Ce lignite, qui paraît avoir été formé dans ce lieu à la manière des tourbes, est le seul que j’aie vu dans tout le val d’Arno supérieur, formant une couche régulière, acquérant trois pieds de puissance à l’embouchure du torrent Ortali, dans celui du Castro.

Cette formation de cailloux roulés, supérieure à l’argile bleue, présente dans les environs d’Arezzo, quelques exceptions qu’il est bon de noter.

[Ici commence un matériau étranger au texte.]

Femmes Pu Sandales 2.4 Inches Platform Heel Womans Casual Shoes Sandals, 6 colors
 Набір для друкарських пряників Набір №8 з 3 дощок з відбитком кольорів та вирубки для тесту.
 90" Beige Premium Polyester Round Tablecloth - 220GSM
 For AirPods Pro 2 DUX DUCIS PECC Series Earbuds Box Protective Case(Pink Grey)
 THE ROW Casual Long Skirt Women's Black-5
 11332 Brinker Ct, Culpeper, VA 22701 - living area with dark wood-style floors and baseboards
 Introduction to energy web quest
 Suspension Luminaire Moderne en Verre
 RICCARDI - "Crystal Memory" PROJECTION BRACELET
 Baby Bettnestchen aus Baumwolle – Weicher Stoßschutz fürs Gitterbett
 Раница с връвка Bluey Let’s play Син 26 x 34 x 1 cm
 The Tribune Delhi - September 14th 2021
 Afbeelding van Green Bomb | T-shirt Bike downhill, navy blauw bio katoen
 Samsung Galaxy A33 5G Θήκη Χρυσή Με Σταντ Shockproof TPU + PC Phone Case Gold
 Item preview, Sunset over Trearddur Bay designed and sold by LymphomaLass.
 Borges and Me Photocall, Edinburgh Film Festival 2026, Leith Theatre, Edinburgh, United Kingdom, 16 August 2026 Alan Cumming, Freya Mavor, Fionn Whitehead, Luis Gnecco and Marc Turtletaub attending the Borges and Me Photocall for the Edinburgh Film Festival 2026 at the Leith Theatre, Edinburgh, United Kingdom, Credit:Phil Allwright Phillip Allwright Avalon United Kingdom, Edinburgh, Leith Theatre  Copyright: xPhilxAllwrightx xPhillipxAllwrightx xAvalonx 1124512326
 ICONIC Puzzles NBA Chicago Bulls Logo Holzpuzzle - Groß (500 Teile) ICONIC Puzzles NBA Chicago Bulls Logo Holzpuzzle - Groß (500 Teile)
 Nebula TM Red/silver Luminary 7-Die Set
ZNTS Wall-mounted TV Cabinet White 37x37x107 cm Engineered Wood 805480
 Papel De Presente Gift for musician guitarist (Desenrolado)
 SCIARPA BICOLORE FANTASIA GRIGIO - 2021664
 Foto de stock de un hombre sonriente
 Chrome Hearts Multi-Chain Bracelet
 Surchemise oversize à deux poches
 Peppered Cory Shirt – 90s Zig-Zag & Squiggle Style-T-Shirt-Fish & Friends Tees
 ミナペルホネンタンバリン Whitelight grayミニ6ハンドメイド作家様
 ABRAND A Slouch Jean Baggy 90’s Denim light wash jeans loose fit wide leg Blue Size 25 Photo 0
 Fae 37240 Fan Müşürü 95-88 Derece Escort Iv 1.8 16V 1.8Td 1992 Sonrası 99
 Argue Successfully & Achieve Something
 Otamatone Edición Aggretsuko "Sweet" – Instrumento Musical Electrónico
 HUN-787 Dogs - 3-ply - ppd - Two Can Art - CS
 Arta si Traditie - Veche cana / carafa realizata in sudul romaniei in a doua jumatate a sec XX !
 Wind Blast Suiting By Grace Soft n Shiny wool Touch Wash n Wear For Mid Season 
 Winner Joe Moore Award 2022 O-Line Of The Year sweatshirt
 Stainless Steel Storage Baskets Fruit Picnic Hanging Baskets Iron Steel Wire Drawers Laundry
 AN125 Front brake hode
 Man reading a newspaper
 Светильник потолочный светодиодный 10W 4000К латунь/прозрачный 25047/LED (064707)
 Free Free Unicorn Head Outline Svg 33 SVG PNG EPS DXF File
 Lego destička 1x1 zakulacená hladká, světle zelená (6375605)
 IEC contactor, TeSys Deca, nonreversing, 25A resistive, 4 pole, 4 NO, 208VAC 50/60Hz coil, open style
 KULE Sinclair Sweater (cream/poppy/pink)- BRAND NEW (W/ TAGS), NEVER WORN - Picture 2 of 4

Lorsqu’elle n’a que quelques pieds de puissance ; elle n’est composée que de sables jaunes et gris micacés avec bancs de cailloux roulés peu puissans, peu étendus, très contournés, s’entremêlant irrégulièrement ; de sorte que cette formation parait avoir été déposée par des eaux fort agitées.

Dans ce bassin d’Arezzo, les ossemens fossiles se trouvent, surtout à partir du pont Malspino, jusqu’à l’embouchure du Castro dans la Chiana.

Cette formation de cailloux roulés repose et se termine sur le grès secondaire (macigno) du côté du sud, dans le lit de la Chiana, au lieu appelé Chiusa dei Monaci, à une lieue d’Arezzo ; et du côté du nord, sur la rive droite de l’Arno, à Ponte Buriano ; tandis qu’entre ces deux limites elle suit la rive droite de la Chiana et repose sur l’argile bleue micacée.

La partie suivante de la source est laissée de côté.